** Source material follows **
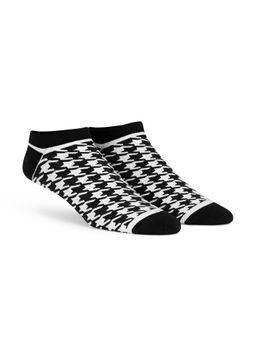 Dynamocks - Men & Women Ankle Length Multi-Colour Socks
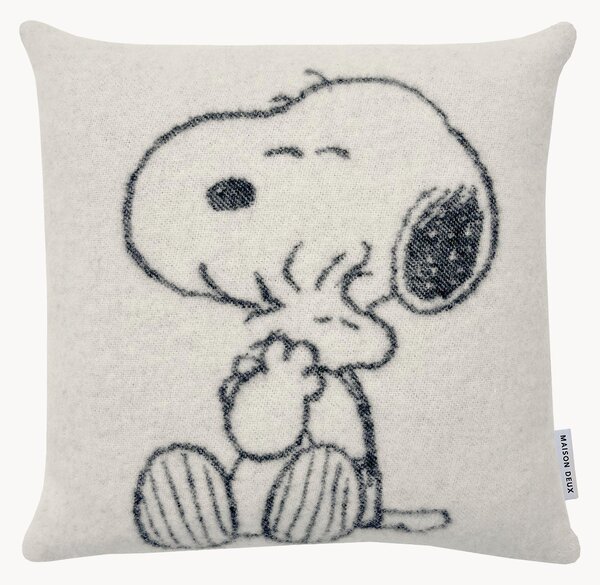Poszewka na poduszkę z wełny Peanuts Hug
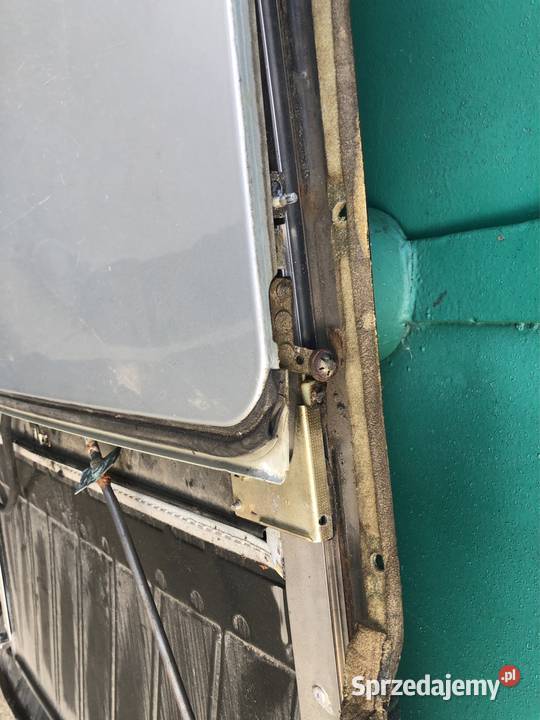 Szyberdach elektryczny Mercedes W201 190 Gdańsk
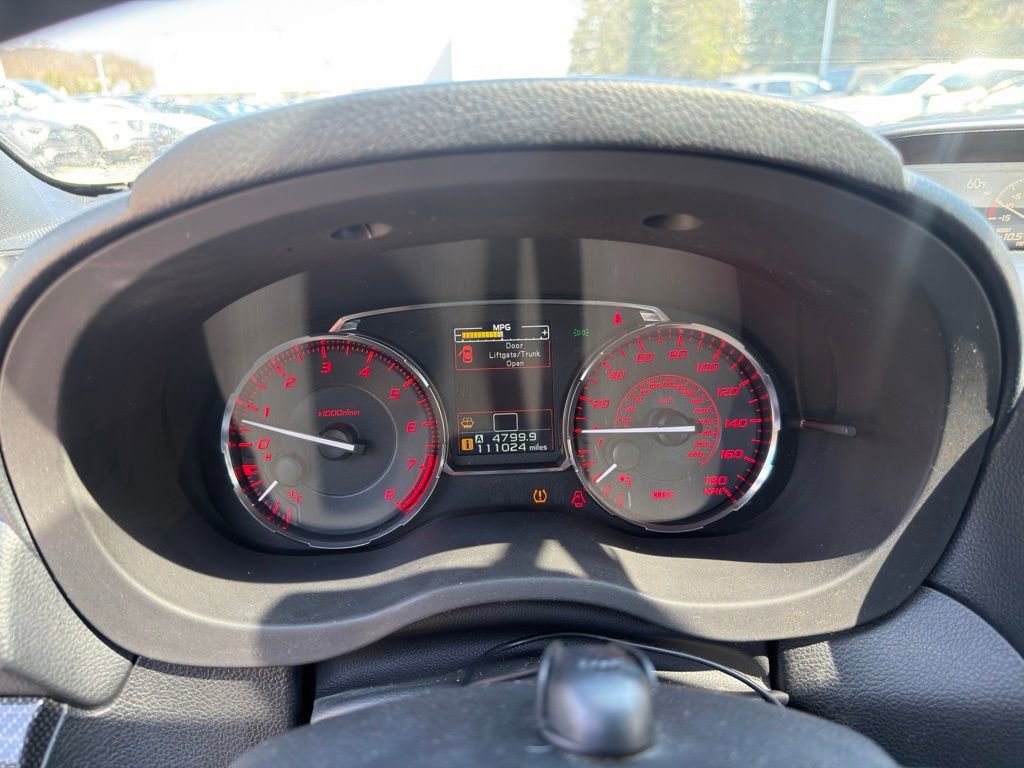 Used 2015 Subaru WRX Premium image 20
** End of Source material **
## What is needed
Repeat only the lines from the one holding "Poszewka na poduszkę z wełny Peanuts Hug" through the last line of the data, inclusive. Keep the pictures out.

## Exercise output
Poszewka na poduszkę z wełny Peanuts Hug
 Szyberdach elektryczny Mercedes W201 190 Gdańsk
 Used 2015 Subaru WRX Premium image 20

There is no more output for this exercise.